The domain of an expression is all real numbers except for the regions where the expression is undefined.  This can occur where the denominator equals 0, a square root is less than 0, or a logarithm is less than or equal to 0.  All of these are undefined and therefore are not part of the domain.

(84-6x)<0

 

Solve the equation to find where the original expression is undefined.

x=14

 

The domain of the rational expression is all real numbers except where the expression is undefined.

(-∞,14) U (14,∞)

 

4.

F(x)=x^3+2

f(x)=x^(3)+2

 

To find the inverse of the function, interchange the variables and solve for f^(-1)(x).

x=f^(-1)(x)^(3)+2

 

Since f^(-1)(x) is on the right-hand side of the equation, switch the sides so it is on the left-hand side of the equation.

f^(-1)(x)^(3)+2=x

 

Since 2 does not contain the variable to solve for, move it to the right-hand side of the equation by subtracting 2 from both sides.

f^(-1)(x)^(3)=-2+x

 

Move all terms not containing f^(-1)(x) to the right-hand side of the equation.

f^(-1)(x)^(3)=x-2

 

Take the cube root of both sides of the equation to eliminate the exponent on the left-hand side.

 

 

f^(-1)(x)=√3:(x-2)

 

 

 

 

1.

Distance between points

(5,1),(8,5)

 

Use the distance formula to determine the distance between the two points.

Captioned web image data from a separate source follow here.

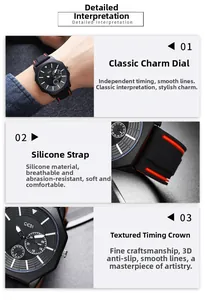 Detail view of GEDI men's waterproof quartz watch with silicone strap and luminous dial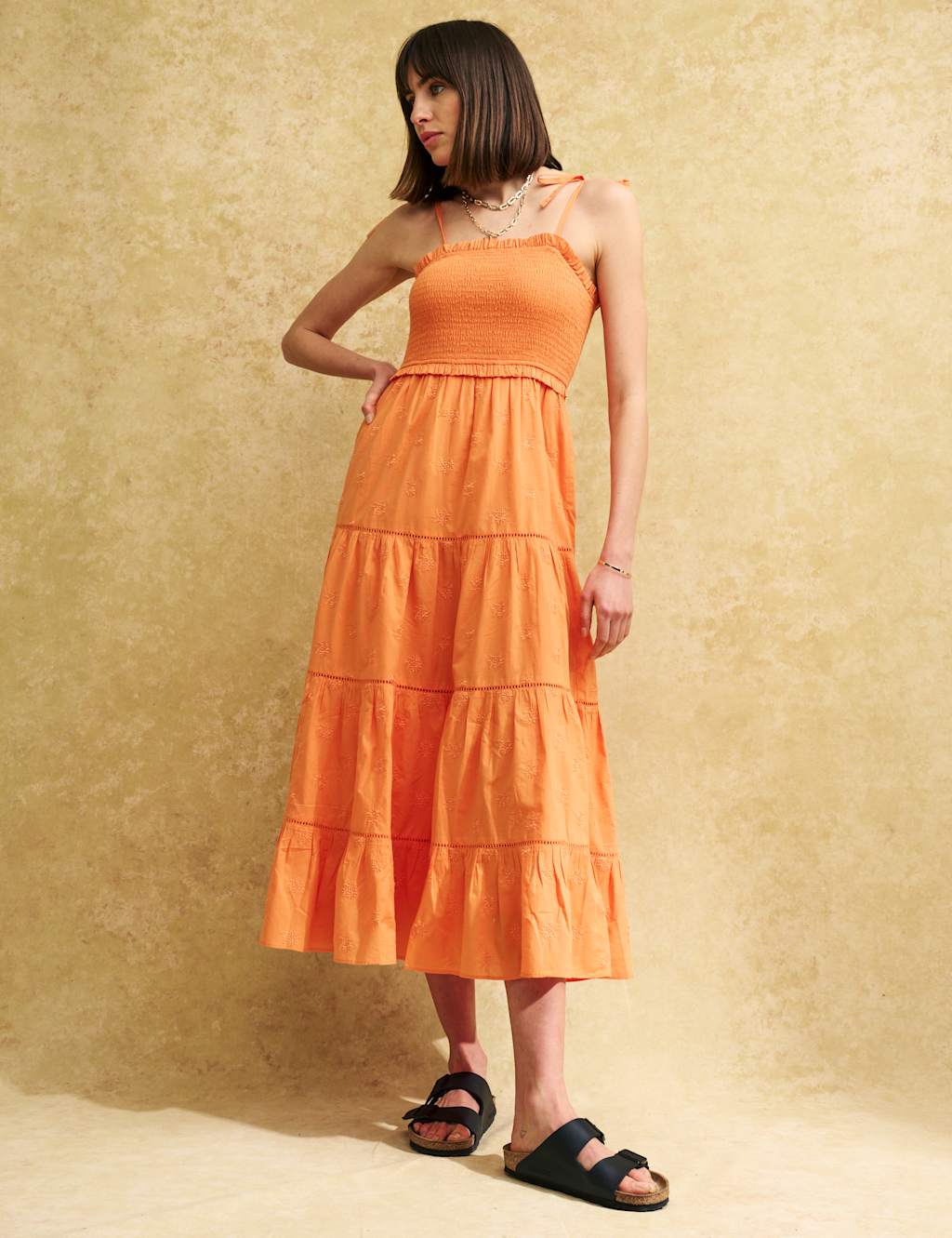 Organic Cotton Embroidered Midaxi Dress image 2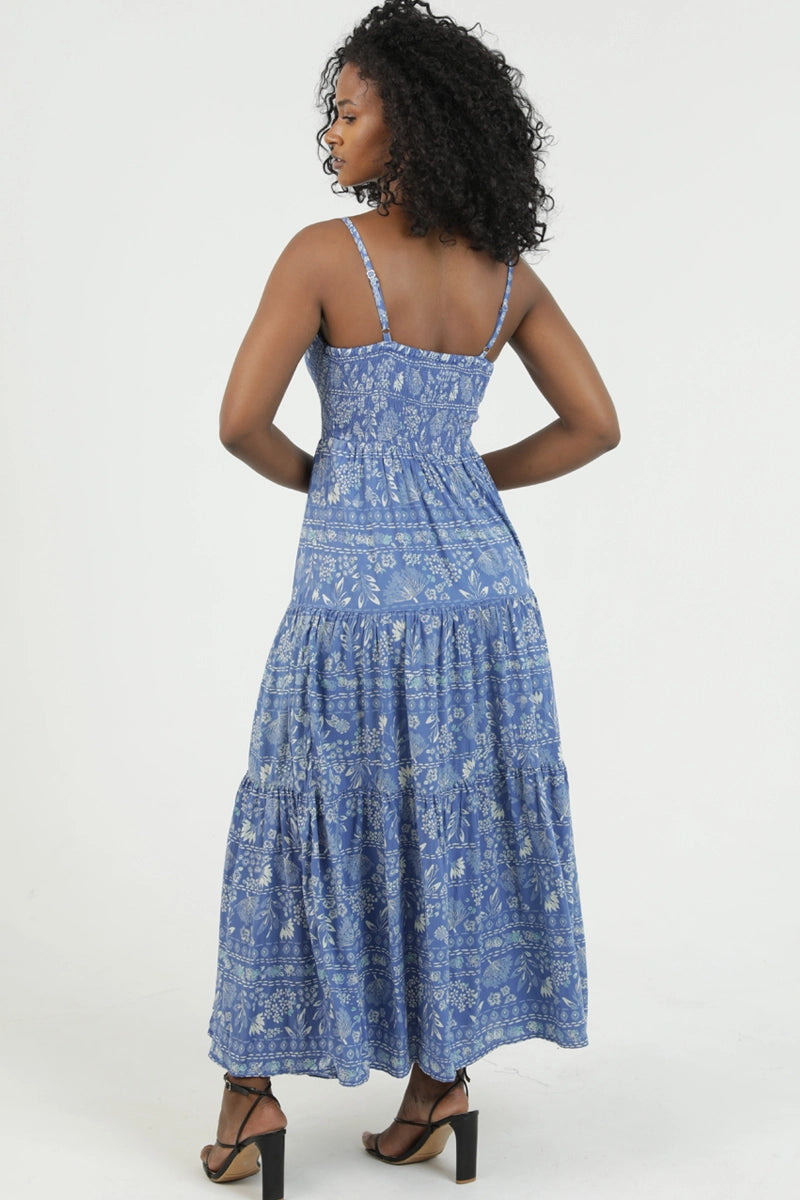 Chevron Bodice Cornflower Blue Dress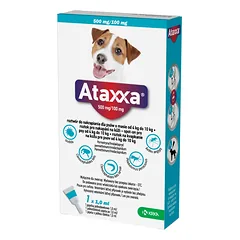 KRKA Ataxxa 500 mg/100 mg lašai šunims, sveriantiems nuo 4 kg iki 10 kg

distance=√((x2-x1)^(2)+(y2-y1)^(2))

 

Substitute the actual values of the points into the distance formula.

distance=√((8-(5))^(2)+(5-(1))^(2))

 

Multiply -1 by the 5 inside the parentheses.

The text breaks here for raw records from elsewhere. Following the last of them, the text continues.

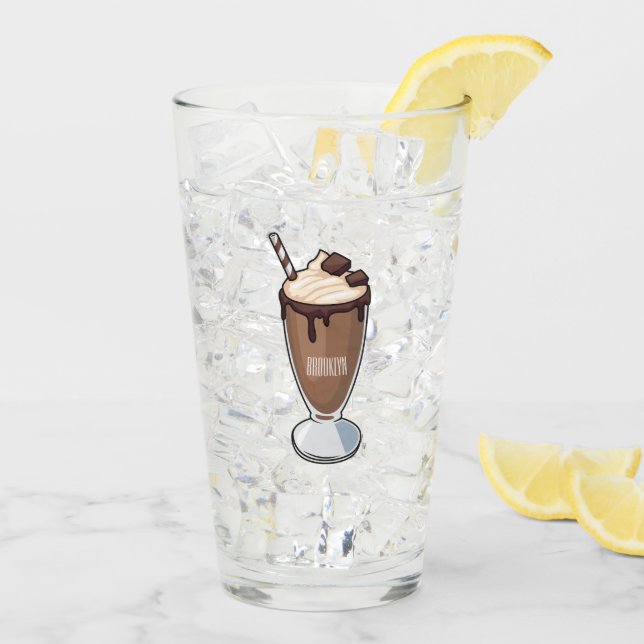 Verre Illustration de milk-shake au chocolat (Dos glace)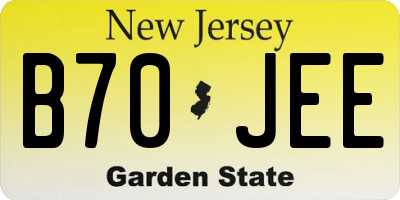NJ license plate B70JEE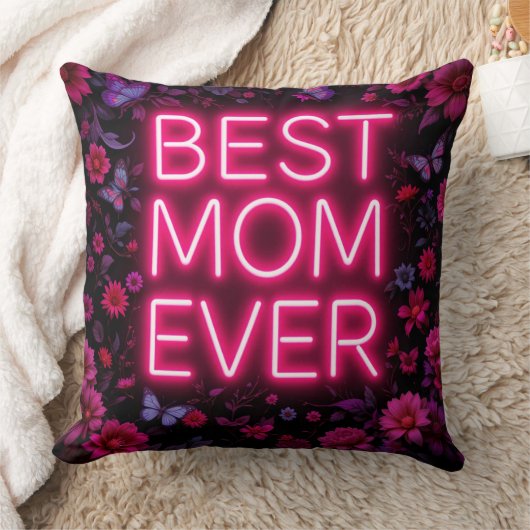 最高の母引用文ピンクの花ネオンカラー クッション (ブランケット)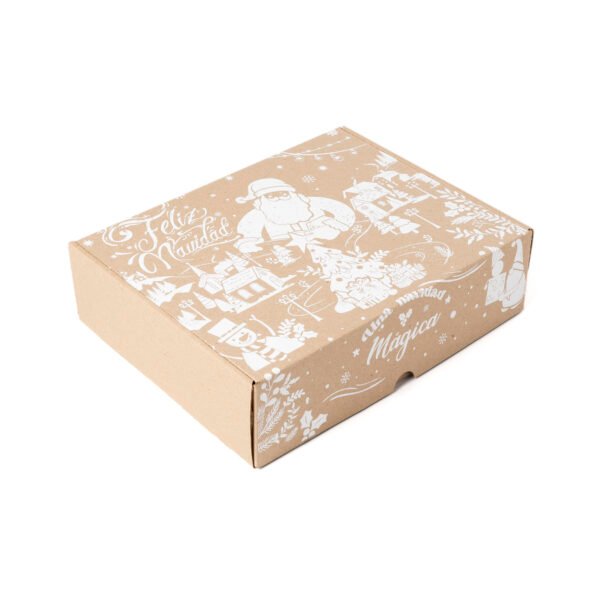 Caja rigida carton corrugado feliz navidad 32x25x9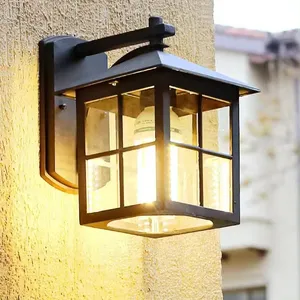 Lampu Taman Jalan tenaga surya, lampu dinding LED tahan air luar ruangan untuk halaman lanskap, lampu dinding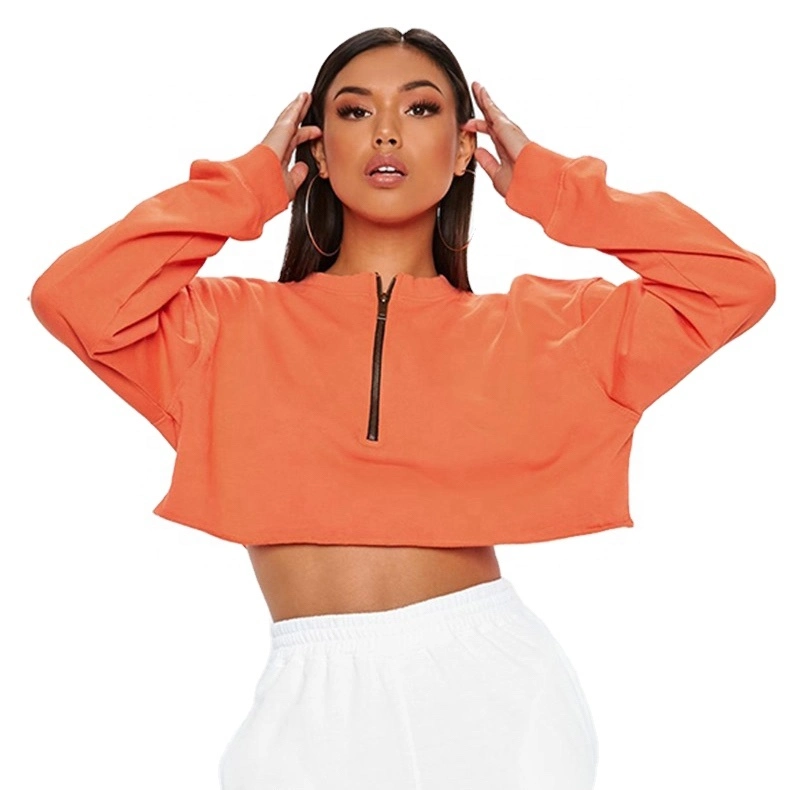 Custom Logo Long Sleeve Cotton Terry Women Crop Top Zipper Stand Collar Sweatshirt Solid Cropped Sweater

distance=√((8-5)^(2)+(5-(1))^(2))

 

Subtract 5 from 8 to get 3.

distance=√((3)^(2)+(5-(1))^(2))

 

Expand the exponent (2) to the expression.

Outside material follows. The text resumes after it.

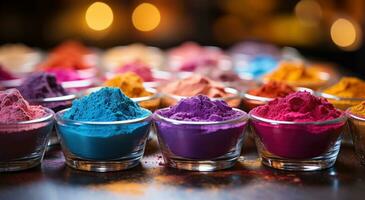 AI generated Various colors arranged in cup, holi festival image download photo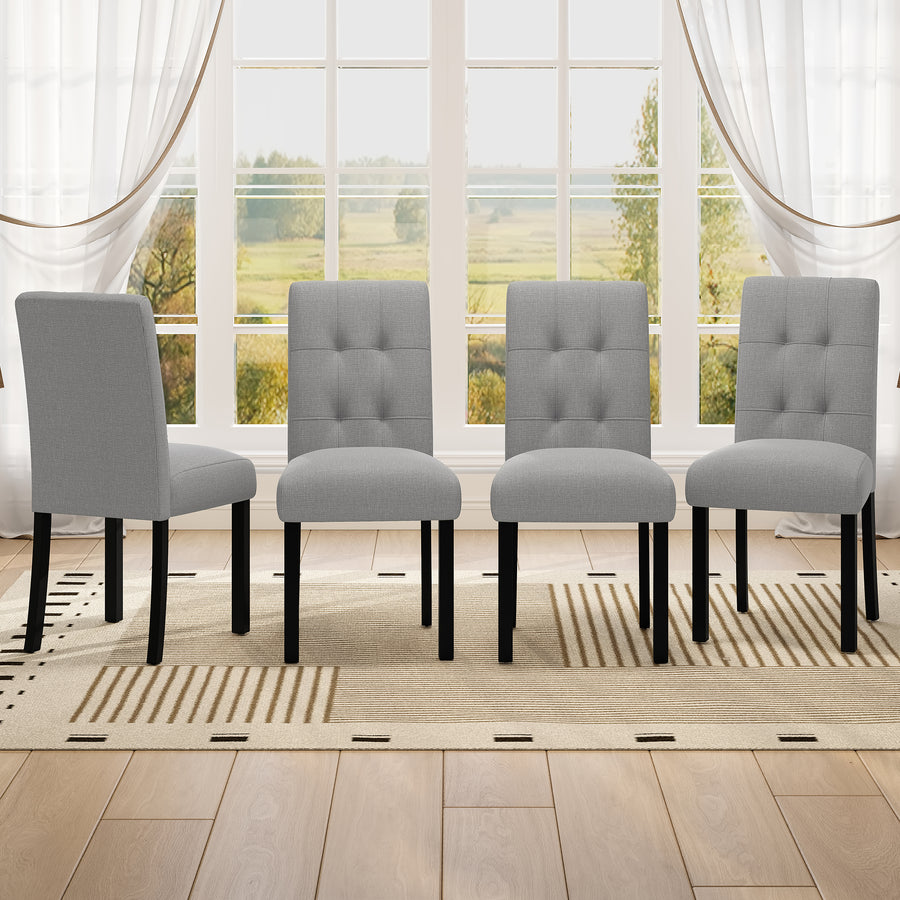 4 Piece Modern Tufted Dining Chair - Gray - primary color shot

distance=√((3^(2))+(5-(1))^(2))

 

Squaring a number is the same as multiplying the number by itself (3*3).  In this case, 3 squared is 9.

distance=√((9)+(5-(1))^(2))

 

Multiply -1 by the 1 inside the parentheses.

distance=√((9)+(5-1)^(2))

 

Subtract 1 from 5 to get 4.

distance=√((9)+(4)^(2))

 

Expand the exponent (2) to the expression.

distance=√((9)+(4^(2)))

 

Squaring a number is the same as multiplying the number by itself (4*4).  In this case, 4 squared is 16.

distance=√((9)+(16))

 

Remove the parentheses that are not needed from the expression.

distance=√(9+16)

 

Add 16 to 9 to get 25.

distance=√(25)

 

Pull all perfect square roots out from under the radical.  In this case, remove the 5 because it is a perfect square.

distance=5 units

 

 

(10,4) and (2,6)

 

(10,4),(2,6)

 

Use the midpoint formula to find the midpoint of the line segment.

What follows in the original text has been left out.